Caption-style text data
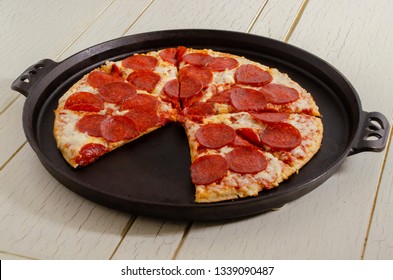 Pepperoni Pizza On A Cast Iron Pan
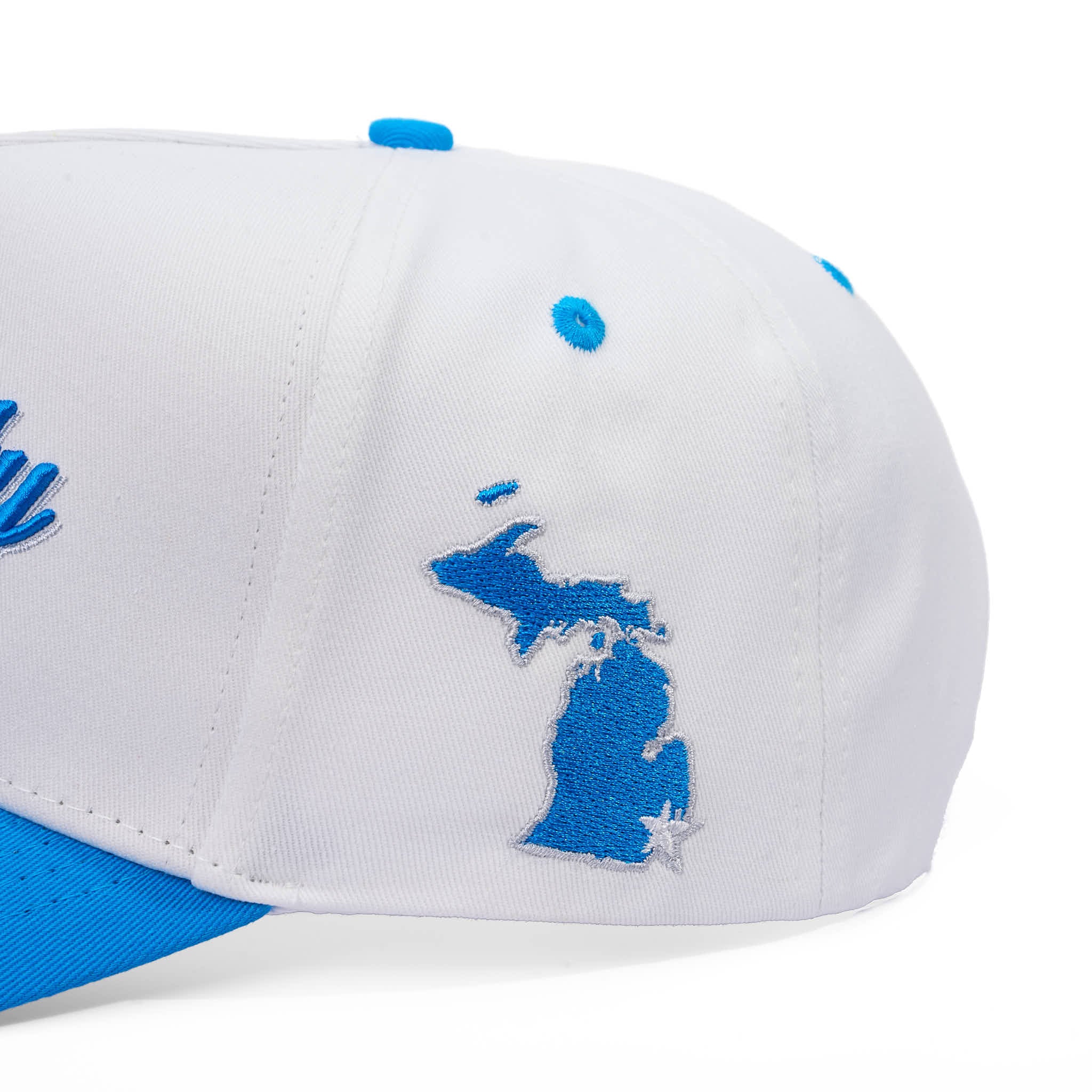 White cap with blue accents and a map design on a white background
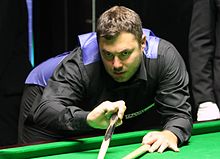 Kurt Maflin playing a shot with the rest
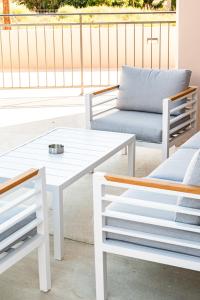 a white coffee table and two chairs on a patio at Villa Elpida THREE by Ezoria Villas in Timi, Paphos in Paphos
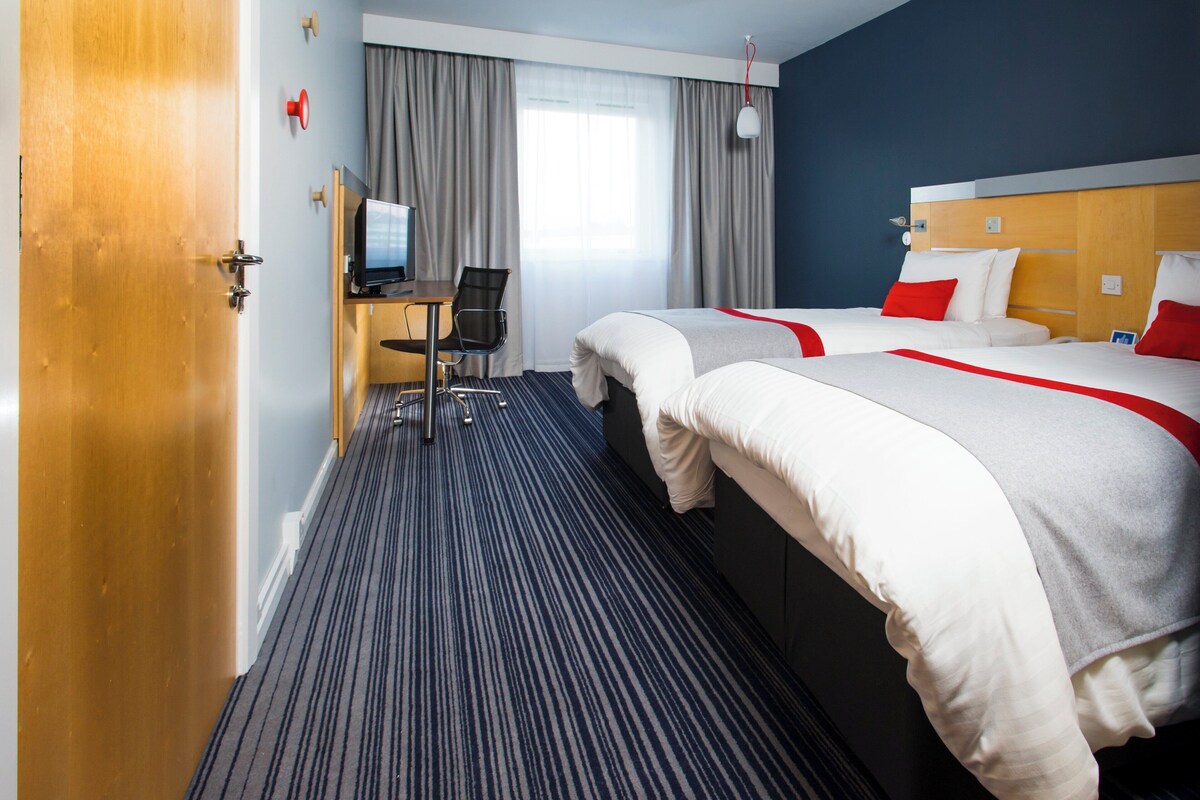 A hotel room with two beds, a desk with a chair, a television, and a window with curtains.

■ **Exercise**:
Please repeat, exactly and with nothing else, the lines from the one containing "Kurt Maflin playing a shot with the rest" to the last line of the entries, both included, excluding any pictures.

■ **Task response**:
 Kurt Maflin playing a shot with the rest
 a white coffee table and two chairs on a patio at Villa Elpida THREE by Ezoria Villas in Timi, Paphos in Paphos
 A hotel room with two beds, a desk with a chair, a television, and a window with curtains.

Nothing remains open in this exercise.